Now, the 66-year-old is tackling a rare festive role in the Richard Curtis-penned animation That Christmas — though, in some ways, it’s a role closer to home than any before.
This year you're starring in Richard Curtis's new animation That Christmas, which explores festive family traditions — what were yours, growing up in Cork?
We do sea swimming. We used to leave the church when we were young – there were three masses on a Sunday, and we’d leave after one and just drive off. We’d bring whiskey with us, and put it on our toes at the end of the swim – that was very much part of the tradition. Somehow, there’s a pre-Christian Christmas feeling – it’s something atavistic, almost Celtic. We swim to wash away the year, and to start anew. It’s a sort of baptism, isn’t it? You wash it away.
Do you think Irish and English Christmases are different?
Very much so. We’re still completely communal in Ireland. I was lucky enough to be brought up in a small city. We knew everybody, so we met a lot of people at Christmas, it was very social. I think maybe some English Christmases are about people retreating to their homes. But it’s much better when people come out and join each other.
You've been acting for decades — what are the roles that people usually recognise you for?
Well, if I’m in New York, people come up to me about Medea or The Testament of Mary. It’s quite a theatre world in New York, but it depends on the demographic. There’s a huge Killing Eve audience – huge. Nearly everyone in the street says that. With children it’s Harry Potter, and older children its Three Men and a Little Lady. I’ve done quite a few children’s films, I love it. They’re an audience who really watch, and they watch things repeatedly, so they know everything that you did.
You've had such a wide range of roles, how do you pick them?
You look for something that engages you. Most things do not, or are a repeat of something else. But I’ve been lucky enough to be offered unusual things, so I pick the ones that are really unusual, like True Detective: Night Country or Bad Sisters.

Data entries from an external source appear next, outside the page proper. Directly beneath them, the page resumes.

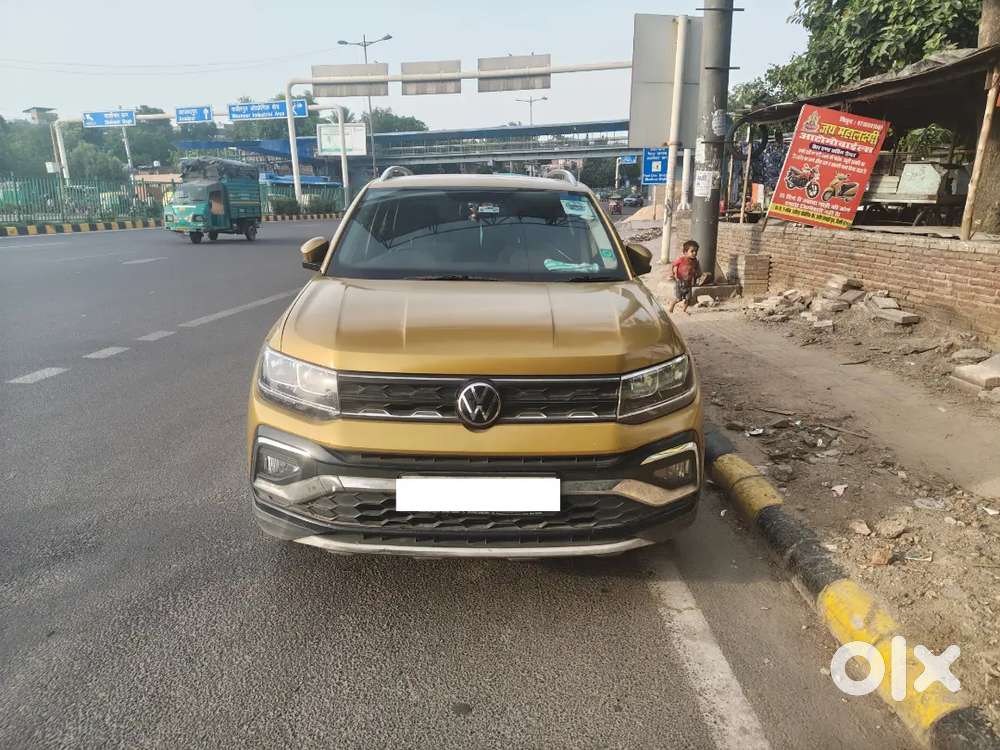 Volkswagen Taigun 1.0 Tsi 2022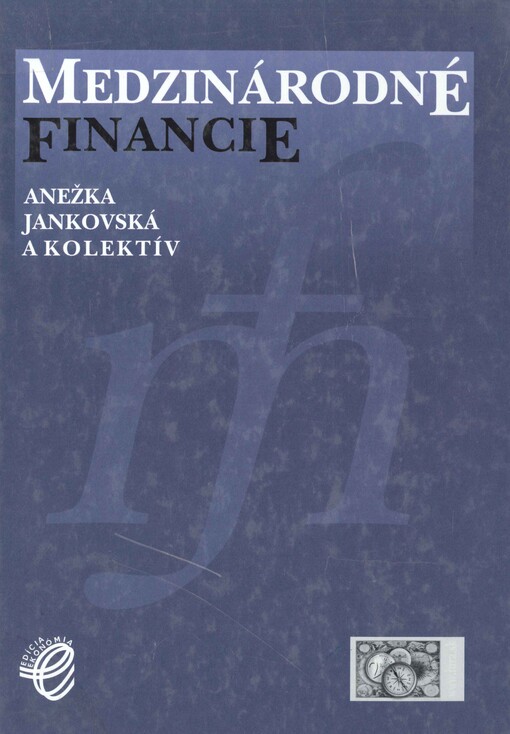 Medzinárodné financie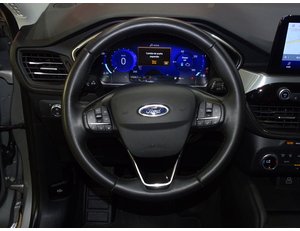 
										FORD KUGA TITANIUM 2.5 DURATEC FHEV 140KW AUTO full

What was it like, joining a tightknit cast like Bad Sisters for the second season?
They were so welcoming. They’re an incredibly good group, we had great fun – I loved being The Wagon [the nickname for her character, Angelica]! I hope they do more. I’d probably be out of it, but I hope they do, it’s fantastic. I thought this series was so confident. Sharon Horgan has really been able to spin plates with it. It’s fabulous.

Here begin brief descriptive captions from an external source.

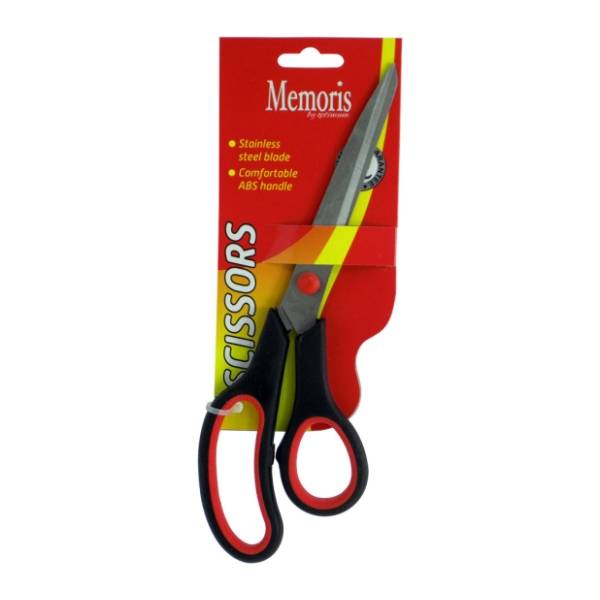 Makaze MEMORIS blister 26cm 1kom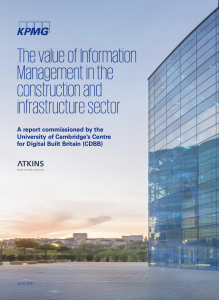 Value of Information Management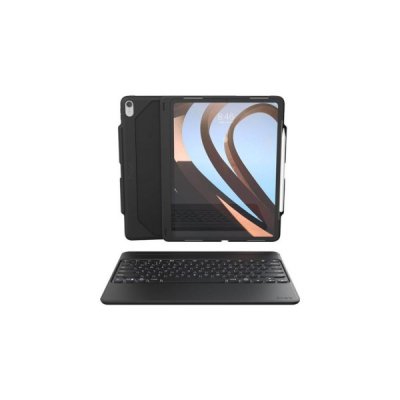 Zagg Rugged Book Go for iPad Pro 11 S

From one great writer to another — as this is your first time working with Richard Curtis, is that something ticked off your bucket list?
I don’t think I ever think like that! But I’m very pleased I’ve worked with Richard Curtis. I was thrilled to be with him, he’s a lovely person.
In That Christmas, you play a fearsome headteacher called Ms Trapper. Was she inspired by any of your own teachers?
She wasn’t – the carapace already existed and I joined and tried to match my voice to it. But I did have two extraordinary headmistresses…
You went to a Catholic girls' school in Cork. Were the headmistresses very austere?
One was called Kate Cahill – she was very austere. And her second-in-command was a woman called Mary O’Donovan, who only died very recently, at the age of 100. And they were both very much Ms Trappers! They were very keen on believing in the power of education – and they knew everything!
Ms Trapper in That Christmas and Angelica in Bad Sisters are both quite isolated and lonely in a way — did you draw on a similar muscle to play both characters?
It never crossed my mind that Ms Trapper was like Angelica, but you’re right. They’re people who are institutionalised. But I don’t think they overlap anywhere else.
Is loneliness a side of Christmas that can get overlooked?
I think so. Christmas is peculiar for everybody. There’s either the absent, or the lost, or something going wrong. I wince at films that say, "Life is all saccharine and joy in everybody’s house but yours." It’s much better to say, "Life is up and down, and Christmas is a really odd time. But if you can find some fun within it, that’s a good time."
Christmas for me growing up was never about running away from people, it was about going towards people. That’s what the message of That Christmas is too – and it’s a good message.